Reduce the cognitive load
Employing strategies that reduce the complexity of bugs also
have the side effect of reducing the cognitive load needed to understand and
fix the bug. Additional strategies can include:
Working in smaller blocks would also serve to act as a
limiter for the amount of complexity that can possibly be present in each block.
Work partitioning techniques such as user story decomposition can help.
Techniques that use both visual and auditory inputs are easier to process by people, as the two modes are processed by different channels and use different working memories.

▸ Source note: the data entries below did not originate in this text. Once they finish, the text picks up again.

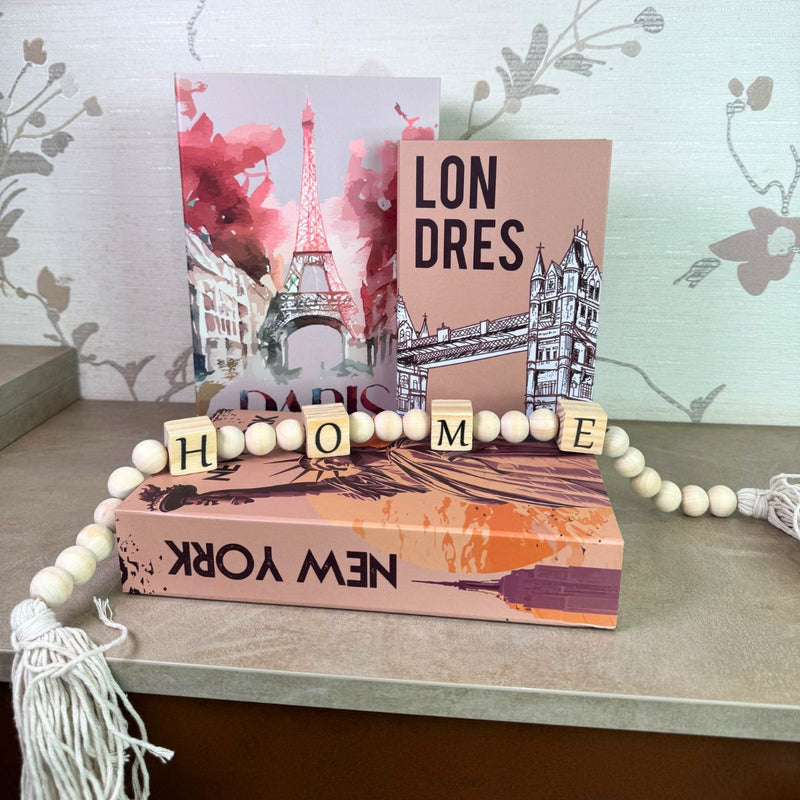 Colar de Mesa Decorativo em Madeira Bege Home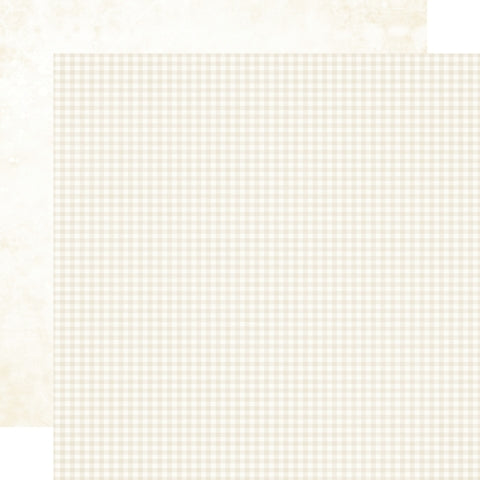 (Side A - small light cream gingham, Side B - a subtle, distressed or textured background in off-white or very light cream, resembling aged paper)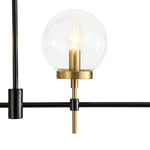 Modern 5 - Light Clear Glass Linear Chandelier - LightfixturesUAE
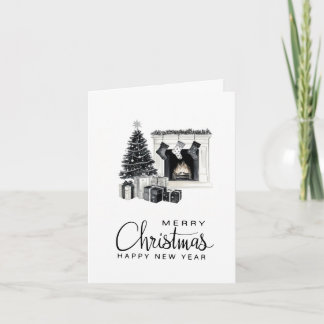 Elegante schwarze Weihnachtsgrußkarte Feiertagskarte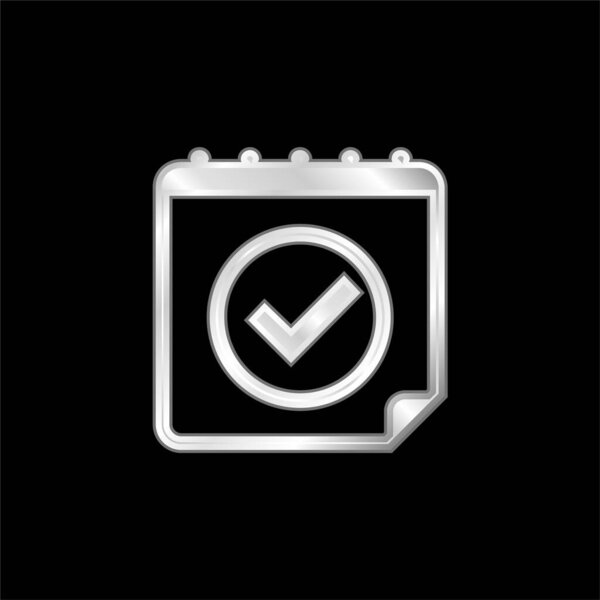 Approved Sign On Calendar Page silver plated metallic icon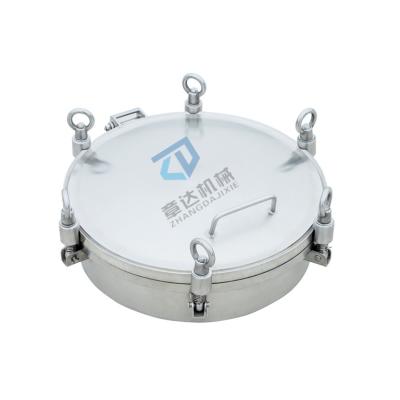 China Machinery repair shops flange manhole dn200 dn300 custom-made304/316 stainless steel sanitary round manhole cover for sale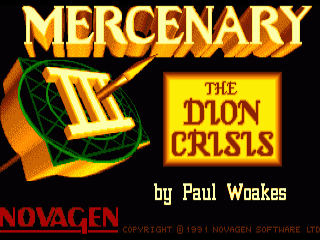 Mercenary III: The Dion Crisis title screen for Amiga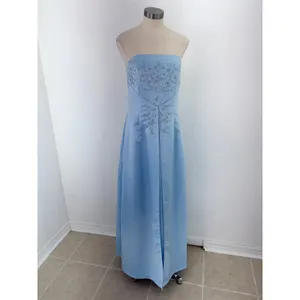 Masquerade Light Blue Satin Embroidered Strapless Floor-Length Prom Gown L thumbnail 6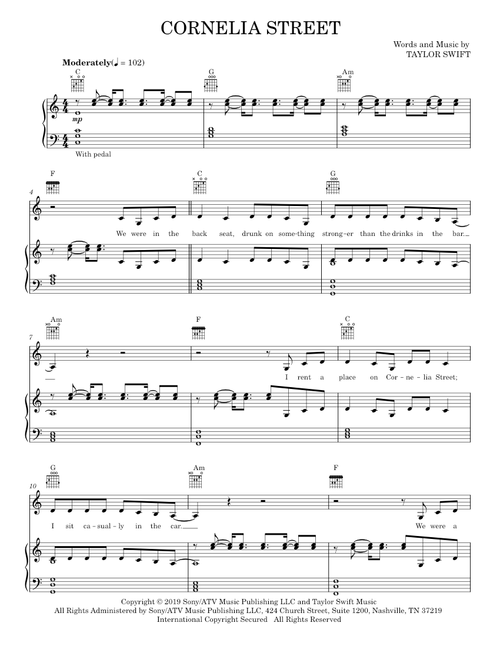 Cornelia street - Taylor Swift (Piano-Vocal-Guitar)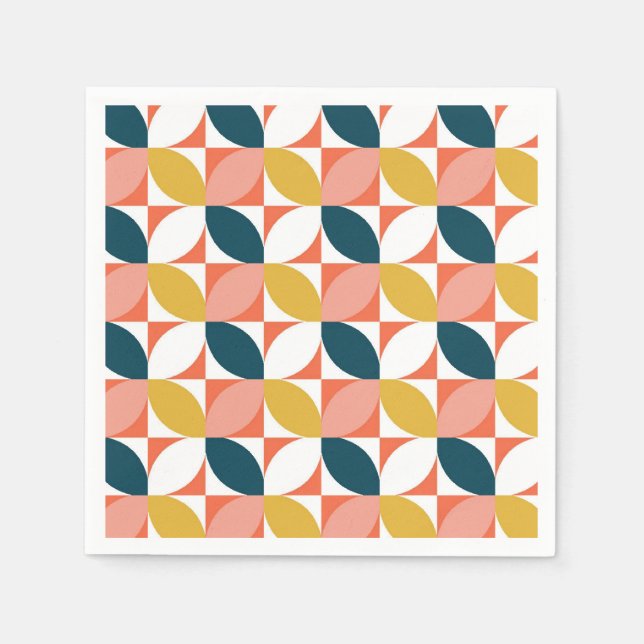 Mid-Century Modern Leaf Pattern Napkin (Front)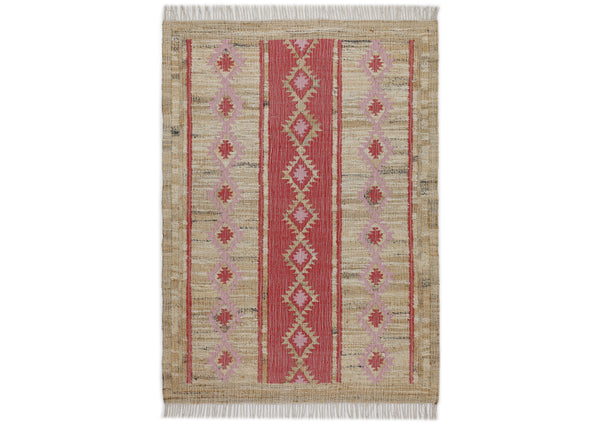 Multi Size Coral Beige Tan Color Hand Woven Kilim Jute Southwestern Oriental Rug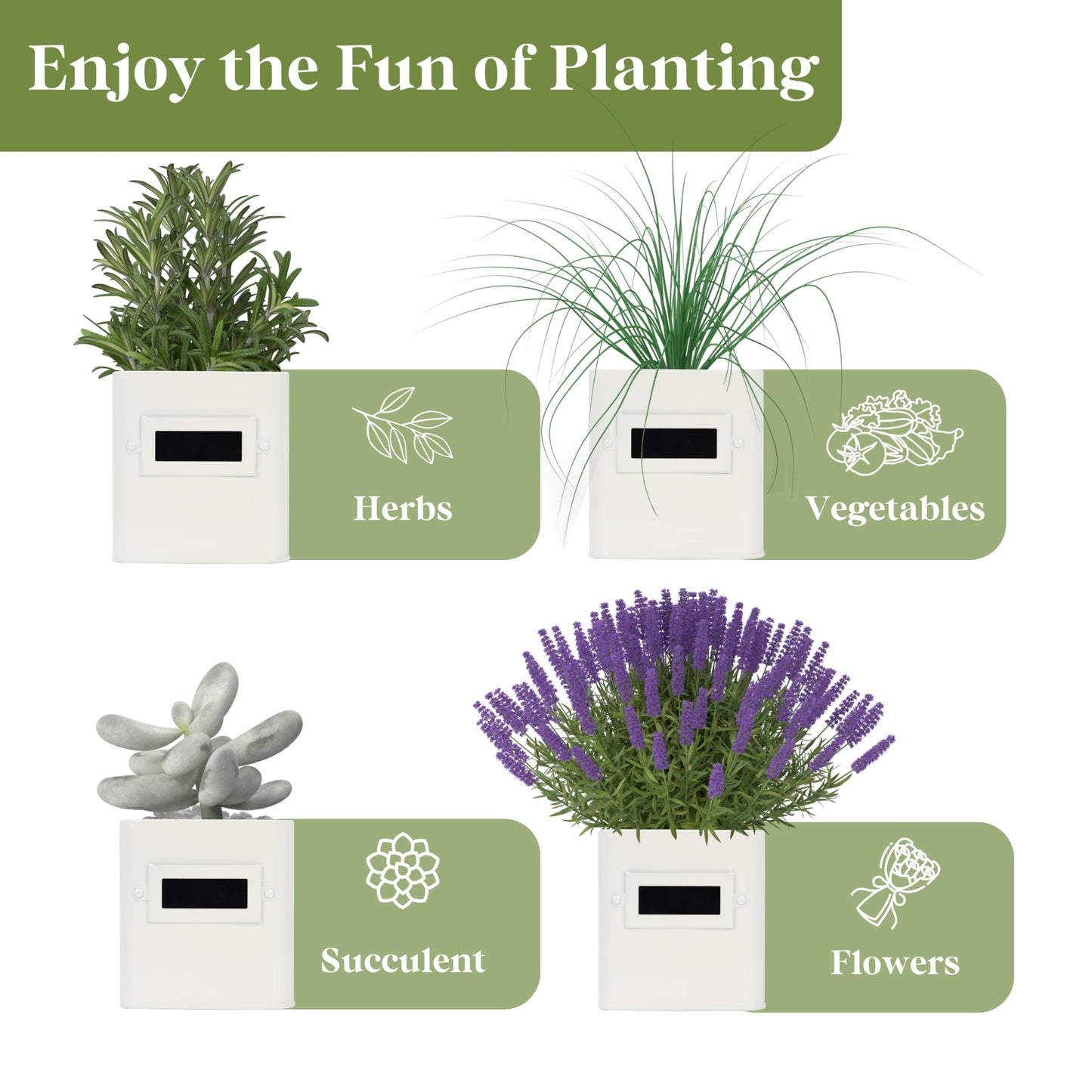 Perfnique Indoor Herb Garden, Herb Planter Set with Tray, Farmhouse Indoor Plant Pots, Windowsill Herb Garden with Drainage(Planter only) for Indoor/Outdoor, Window Pots (White)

Techniques such as Rubber Duck Debugging are a form of a think aloud protocol where the auditory channel can help an individual formulate a hypothesis along a fundamentally different line to what they can see, thereby increasing their effective cognitive ability.
Working in larger groups (for example, see mob programming) can be an extremely effective technique for always maintaining a high degree of cognitive capacity consistently as the overall effect is to smooth the natural peaks and troughs in the cognitive abilities of the individuals (e.g. some people are morning people, others are night owls etc., but there’ll always be someone “firing on all cylinders”). Linus’ Law is a concise articulation – given enough eyeballs, all bugs are shallow.

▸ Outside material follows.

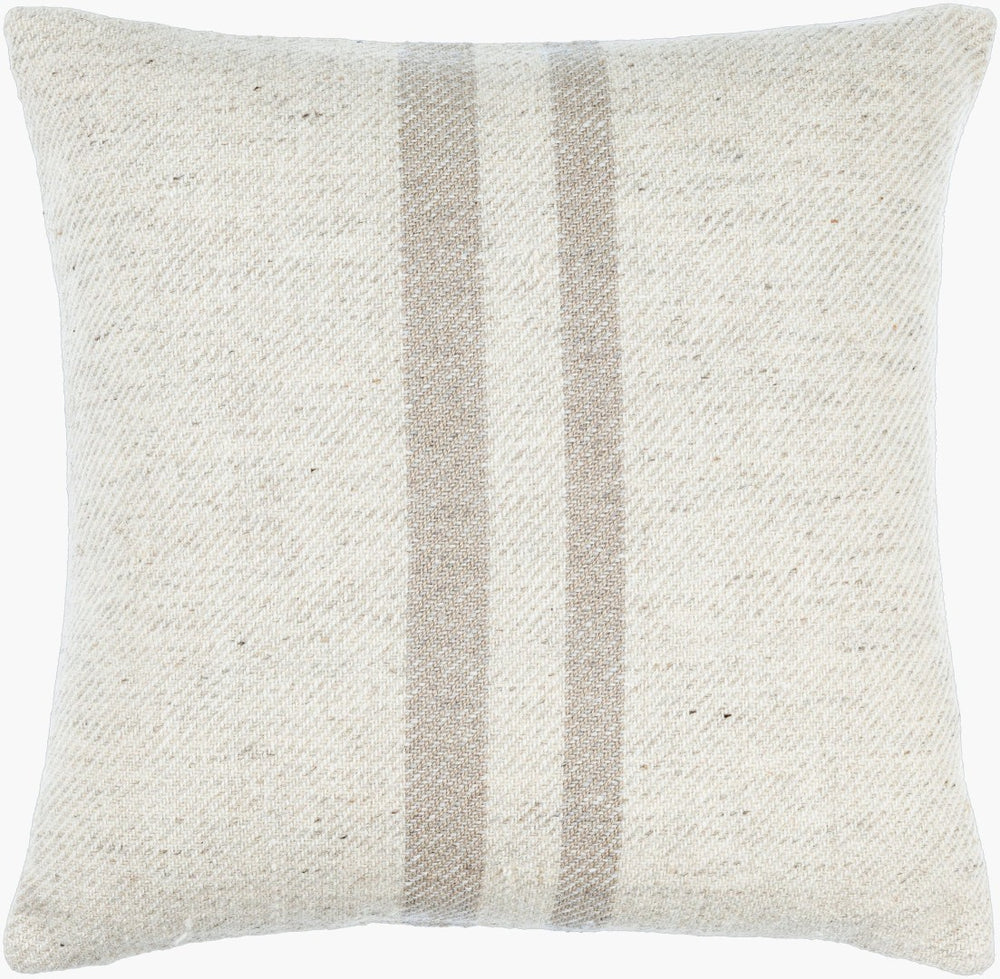 Livabliss Brett Woven Wool Blend Stripe Accent Pillow Square Neutral Layering Piece for Modern Sofas BOBT002-2222P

Reduce the impact of bugs that escape
It’s inevitable that bugs will escape into production. The
final dimension to consider is about recovery. The easier and faster it is to
recover from a production incident, the less severe the effects of the problem.
Recovery time is spent:
- locating the root cause of the fault
- fixing the root cause
- delivering the fix
Locating the fault:
there are two basic (and complementary if required) steps to take. Your triage
and fault finding processes could determine if the bug was introduced as part
of the last release, as well as where specifically in your solution the fault
lies. The first piece of insight could take considerably less time than the
second. If the fault was introduced as part of the last release, one possible
early response could be to roll-back the release, which act to stop further
failures from occurring. A robust fix can then be developed and a new release
planned. This naturally comes with an “opportunity cost” associated with not
having access to the rest of the functionality also present in the pulled
release. This opportunity cost can be virtually eliminated, but it will require
the ability to release every single change independently. Development and
deployment strategies (e.g. using trunk based development and feature toggles)

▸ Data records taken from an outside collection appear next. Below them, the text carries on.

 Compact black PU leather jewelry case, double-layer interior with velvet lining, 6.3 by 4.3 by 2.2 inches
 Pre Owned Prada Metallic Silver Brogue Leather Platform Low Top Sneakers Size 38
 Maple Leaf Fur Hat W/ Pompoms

can greatly reduce the complexity associated with this.
Fixing the root cause:
strategies outlined earlier to reduce the cognitive load and identify bugs
earlier also help here.
Delivering the fix:
This is inherently limited by the speed, flexibility, resilience and degree of
automation of your route-to-live processes. The single biggest change you can
make to drastically improve your delivery processes is to reduce the size of
each release (get as close to release each minor change independently) and
repeat the release processes constantly (I’ve experienced multiple releases a
day into production, even in a public sector context). Attempting to do this
will identify all of the sticking points and problems associated with your
route-to-live processes, and will give you areas to target improvements. It is
almost always helpful to decouple software deployments (technical, automated,
controlled by delivery teams) from business releases (business triggered, business
features are toggled, aligned with wider organisational change programmes) as
you are then able to decouple automation improvements from business change
readiness.
Final Thoughts
These are useful strategies for coping when your delivery teams have to compensate for a reduction in their base capabilities. However, there is nothing fundamentally preventing delivery organisations from just implementing these strategies to increase the effectiveness of the teams that they currently have. Is anything stopping you?